The Osterholm Quotes

"We have to adjust the practice of medicine to the science of medicine, and the science of medicine right now says get your flu shot as late as possible before the flu season."
"From the time you get the flu shot, every month after that the actual protection is reduced over time."
"While there are some differences, they’re not demonstrably different between a cell culture versus an egg-based, versus which kind of [flu] vaccine you get. I think the key thing is getting vaccinated."
"One more severe influenza pandemic would cost the world many trillions of dollars. So by shortchanging flu vaccine research right now, we are being penny-wise and pound-foolish."
"Last year we spent about $73 million on flu vaccine research. Meanwhile, for the eighth consecutive year, we spent more than $1 billion on HIV research. Now, I fully support that we need research into HIV vaccines, but it gives you some idea of the underfunding of flu vaccine work,."
"Even in 2009, when we had the last flu pandemic with H1N1 — similar to 1918 but not nearly as severe — that vaccine at that time only worked about 60% of the time even in healthy people, and of course it was not readily available for the first eight months of the outbreak, because it takes that long to grow it in chicken eggs."
"If we think the IV bag situation in Puerto Rico was serious, it pales in comparison with what could happen with any kind of hiccup with China."
"Now we are caught up in an economic war in the sense of tariffs. . . . If we were ever in an international incident with China, they would literally have their hands around our necks in terms of critical drugs. They wouldn’t even have to fire a shot."
“We have to find out what it is. Is it wildlife? We're not any farther along in preventing [illnesses] today than we were back [in May and June]."
"By the time cases are detected, the product is long gone. It's very hard to trace back."
"It's really important that we understand that this flu vaccine that we’re using today is largely based on World War II technology."
“Antibiotic resistance is a reality of evolution, and we have dumped a lot of gas on that evolutionary fire with a lot of human and animal use. We have put antibiotic resistance on hyperspeed."
"We fund this thing [public health preparedness] like Minnesota snow. There's a lot in January, but in July it's all melted."
​"Each year, the system [of medical product supply chains] gets leaner and leaner. It doesn't take much of a hiccup anymore to challenge it."
"I was told I'd have the freedom to promote antibiotic stewardship with the tools we have developed at CIDRAP. It's no different than serving on any scientific advisory committee. It's really important to promote the scientific agenda."
"I'm going to concentrate on low- and middle-income countries because it's the area of the fastest growth of antibiotic resistance."
"It's a unique opportunity to be involved with countries around the world on specific topics through official government channels.
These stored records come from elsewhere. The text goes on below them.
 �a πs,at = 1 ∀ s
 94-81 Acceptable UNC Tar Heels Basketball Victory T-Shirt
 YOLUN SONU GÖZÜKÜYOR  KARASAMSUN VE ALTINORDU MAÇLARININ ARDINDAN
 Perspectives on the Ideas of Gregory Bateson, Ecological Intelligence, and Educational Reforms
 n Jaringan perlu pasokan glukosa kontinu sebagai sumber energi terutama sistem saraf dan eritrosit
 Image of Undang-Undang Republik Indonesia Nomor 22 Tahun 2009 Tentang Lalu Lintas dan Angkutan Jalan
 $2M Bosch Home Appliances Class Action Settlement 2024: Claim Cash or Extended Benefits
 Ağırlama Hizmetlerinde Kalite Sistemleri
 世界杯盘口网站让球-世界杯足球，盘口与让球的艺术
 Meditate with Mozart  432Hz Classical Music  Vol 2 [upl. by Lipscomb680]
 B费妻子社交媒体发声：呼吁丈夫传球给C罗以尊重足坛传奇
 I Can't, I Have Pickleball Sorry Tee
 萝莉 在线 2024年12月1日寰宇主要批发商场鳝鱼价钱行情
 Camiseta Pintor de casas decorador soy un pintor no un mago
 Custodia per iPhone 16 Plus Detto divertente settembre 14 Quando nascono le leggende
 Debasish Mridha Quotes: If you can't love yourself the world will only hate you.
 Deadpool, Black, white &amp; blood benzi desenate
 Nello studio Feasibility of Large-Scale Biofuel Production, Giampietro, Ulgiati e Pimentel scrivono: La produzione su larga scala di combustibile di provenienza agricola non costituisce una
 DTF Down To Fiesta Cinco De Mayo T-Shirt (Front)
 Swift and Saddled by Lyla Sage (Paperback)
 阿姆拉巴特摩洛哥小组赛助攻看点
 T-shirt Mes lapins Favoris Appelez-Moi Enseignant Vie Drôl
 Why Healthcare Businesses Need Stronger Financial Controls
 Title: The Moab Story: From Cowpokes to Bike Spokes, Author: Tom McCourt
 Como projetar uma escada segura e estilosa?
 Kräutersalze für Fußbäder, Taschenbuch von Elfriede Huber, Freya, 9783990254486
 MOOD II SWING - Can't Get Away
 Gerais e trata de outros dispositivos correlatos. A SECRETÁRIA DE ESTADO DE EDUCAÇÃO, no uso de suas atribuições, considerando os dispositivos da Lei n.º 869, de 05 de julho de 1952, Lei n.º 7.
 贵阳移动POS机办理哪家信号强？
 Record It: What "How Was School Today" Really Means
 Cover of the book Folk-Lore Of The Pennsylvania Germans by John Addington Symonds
Antibiotic resistance and antibiotic stewardship is something we've been involved with at CIDRAP for many years, and that will be my focus."
"The bad news is, if we don't control it because it gets into a large urban metropolitan area, and we see hundreds and thousands of cases like we saw in West Africa, we might have a chance at detecting a real clinical impact with the [experimental] drug — but at a hell of a cost to the residents of Africa."
"With the use of the vaccine and the rapid response, we should be able to hold cases to a minimum. And in that situation, it’s going to be very difficult to test the efficacy of these drugs."
"What makes it difficult is that if the Chinese license a product and bring it to a low- or middle-income country … and we’re still trying to evaluate those vaccines and drugs that we believe are important, it may actually create a real challenge. The country may well be motivated to use the licensed [Chinese] product, even without potentially the same rigor of evaluation that we’re putting our vaccines through."
"This is the beginning of what I think is a very consequential change in international public health response, with impact on overall global health security. By beginning to turn our back on global health security … we have not understood that those that provide the emergency response and those that provide the vaccines and those that provide the care and treatment are often those who also have access at the table of the highest levels of government for every other thing, including trade, resources and all aspects of regional security."
"It [another flu pandemic] will happen. It's like earthquakes, hurricanes and tsunamis — they happen. It might be 20, 40, 60 years, but they happen. And so an investment in a flu vaccine right now that could actually take pandemic flu off the table would rival anything we did with eradicating smallpox."
"We're talking about billions of dollars [to produce a game-changing "universal" flu vaccine], and there has to be a business proposition meaning that companies are going to take this and move forward. Just building one plant to make flu vaccine is in the many, many hundreds of millions of dollars."
"We could have an Ebola-prepared Africa, where the vaccine is really promoted among health-care workers, emergency responders and burial workers and we could pre-deploy it."
"Influenza research today is a humbling experience. The more we learn the less we understand."